Your AI Agents Won’t Survive an Audit
Eighty-nine percent of enterprise AI agent projects never make it to production. That number comes from the Stanford AI Index 2026 report, and it is worse than it sounds. It does not mean the agents do not work. It means organizations build agents that work in a demo, then discover they cannot deploy them because no one can answer the questions that production requires.
Gartner predicts that more than 40% of agentic AI projects started in 2025 will be canceled or scaled back by 2027, specifically due to inadequate risk controls. Not performance. Not cost. Risk controls.

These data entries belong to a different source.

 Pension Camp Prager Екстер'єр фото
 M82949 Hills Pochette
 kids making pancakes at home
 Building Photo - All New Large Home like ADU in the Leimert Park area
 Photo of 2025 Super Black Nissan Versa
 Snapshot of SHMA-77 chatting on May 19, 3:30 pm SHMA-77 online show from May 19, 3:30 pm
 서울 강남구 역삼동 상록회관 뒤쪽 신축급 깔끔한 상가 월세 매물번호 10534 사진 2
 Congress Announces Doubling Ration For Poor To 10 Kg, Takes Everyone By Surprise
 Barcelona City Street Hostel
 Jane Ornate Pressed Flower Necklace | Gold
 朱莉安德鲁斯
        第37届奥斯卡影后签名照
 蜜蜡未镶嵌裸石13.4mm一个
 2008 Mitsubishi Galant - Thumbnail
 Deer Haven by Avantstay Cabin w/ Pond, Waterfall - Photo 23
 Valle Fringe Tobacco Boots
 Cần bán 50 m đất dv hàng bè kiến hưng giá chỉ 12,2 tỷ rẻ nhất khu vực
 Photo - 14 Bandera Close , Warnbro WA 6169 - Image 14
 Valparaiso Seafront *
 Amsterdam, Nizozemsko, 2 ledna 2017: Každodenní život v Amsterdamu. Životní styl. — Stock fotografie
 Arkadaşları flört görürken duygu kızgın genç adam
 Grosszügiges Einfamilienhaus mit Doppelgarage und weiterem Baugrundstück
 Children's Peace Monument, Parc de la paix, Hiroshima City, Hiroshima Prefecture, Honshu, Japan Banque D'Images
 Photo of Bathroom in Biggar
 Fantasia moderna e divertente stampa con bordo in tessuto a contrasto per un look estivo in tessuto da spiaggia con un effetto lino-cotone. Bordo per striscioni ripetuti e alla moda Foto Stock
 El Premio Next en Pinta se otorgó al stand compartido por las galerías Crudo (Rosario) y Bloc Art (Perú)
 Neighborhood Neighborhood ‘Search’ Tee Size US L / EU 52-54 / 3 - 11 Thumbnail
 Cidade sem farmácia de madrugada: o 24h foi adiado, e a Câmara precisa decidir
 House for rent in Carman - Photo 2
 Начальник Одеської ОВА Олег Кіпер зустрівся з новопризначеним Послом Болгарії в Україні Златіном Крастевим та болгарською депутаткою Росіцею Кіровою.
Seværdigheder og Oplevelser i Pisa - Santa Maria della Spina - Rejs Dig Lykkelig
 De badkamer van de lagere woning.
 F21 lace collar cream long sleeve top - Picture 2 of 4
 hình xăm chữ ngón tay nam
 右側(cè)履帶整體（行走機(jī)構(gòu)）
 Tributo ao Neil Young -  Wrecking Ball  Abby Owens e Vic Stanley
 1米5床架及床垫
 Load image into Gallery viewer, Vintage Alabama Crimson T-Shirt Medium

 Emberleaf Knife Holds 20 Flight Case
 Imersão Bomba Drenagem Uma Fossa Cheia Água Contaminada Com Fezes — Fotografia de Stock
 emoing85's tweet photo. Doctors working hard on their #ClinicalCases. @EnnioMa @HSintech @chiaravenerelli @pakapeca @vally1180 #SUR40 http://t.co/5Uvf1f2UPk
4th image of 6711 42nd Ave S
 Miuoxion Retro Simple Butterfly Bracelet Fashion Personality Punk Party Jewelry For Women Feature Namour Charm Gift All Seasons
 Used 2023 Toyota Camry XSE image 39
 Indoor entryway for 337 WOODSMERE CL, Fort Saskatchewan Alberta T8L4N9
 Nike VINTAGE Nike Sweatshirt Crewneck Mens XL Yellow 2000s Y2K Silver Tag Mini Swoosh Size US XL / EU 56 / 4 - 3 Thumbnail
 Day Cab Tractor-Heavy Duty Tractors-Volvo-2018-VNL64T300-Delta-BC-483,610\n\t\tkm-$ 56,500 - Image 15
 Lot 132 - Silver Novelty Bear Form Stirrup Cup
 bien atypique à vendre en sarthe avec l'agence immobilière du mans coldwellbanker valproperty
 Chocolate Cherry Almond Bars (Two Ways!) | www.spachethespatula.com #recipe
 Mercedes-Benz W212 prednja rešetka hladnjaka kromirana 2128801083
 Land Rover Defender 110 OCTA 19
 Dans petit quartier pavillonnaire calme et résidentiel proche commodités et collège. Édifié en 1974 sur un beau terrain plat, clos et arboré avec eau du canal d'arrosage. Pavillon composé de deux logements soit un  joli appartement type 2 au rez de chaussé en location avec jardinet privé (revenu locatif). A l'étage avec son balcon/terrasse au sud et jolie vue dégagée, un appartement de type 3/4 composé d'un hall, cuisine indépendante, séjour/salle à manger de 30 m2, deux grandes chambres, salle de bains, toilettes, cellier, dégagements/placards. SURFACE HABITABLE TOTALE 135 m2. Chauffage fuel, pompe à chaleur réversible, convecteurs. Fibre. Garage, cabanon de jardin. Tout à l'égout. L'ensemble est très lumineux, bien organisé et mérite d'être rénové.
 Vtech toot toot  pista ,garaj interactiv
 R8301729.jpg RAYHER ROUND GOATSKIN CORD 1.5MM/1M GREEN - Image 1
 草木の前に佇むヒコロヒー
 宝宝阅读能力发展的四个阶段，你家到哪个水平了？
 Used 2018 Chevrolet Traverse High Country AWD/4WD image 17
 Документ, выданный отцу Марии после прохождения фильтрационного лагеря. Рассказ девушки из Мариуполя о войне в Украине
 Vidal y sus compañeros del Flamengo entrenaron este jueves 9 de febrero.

The pattern is consistent. The agent itself is fine. The infrastructure around it — the part that makes it auditable, governable, and safe to operate — does not exist.
The audit question
Imagine you run an insurance claims processing agent. It handles thousands of claims per day. It is fast, accurate on benchmarks, and your team is proud of it.
Then it approves a $50,000 payout on a fraudulent claim. Or it denies a legitimate claim and the customer sues. Or it leaks a claimant’s medical records into a log file that three vendors have access to.
Now someone asks you these questions:
- What exactly did the agent see, decide, and do — step by step?
- Can you replay the exact execution that led to this decision?
- Were the guardrails in place at the time, or had someone disabled them?
- Did a human have the opportunity to review this before it was finalized?
- How long has this data been retained, and who has accessed it?
If you cannot answer all five with evidence — not with “we think so” or “it should have” but with immutable records — you have a problem. And starting in August, for certain categories of AI systems in the EU, that problem has legal teeth.
The EU AI Act: what actually matters for agent builders
The EU AI Act becomes fully enforceable on August 2, 2026. It is the first comprehensive AI regulation with real penalties — up to 7% of global annual turnover for the most serious violations.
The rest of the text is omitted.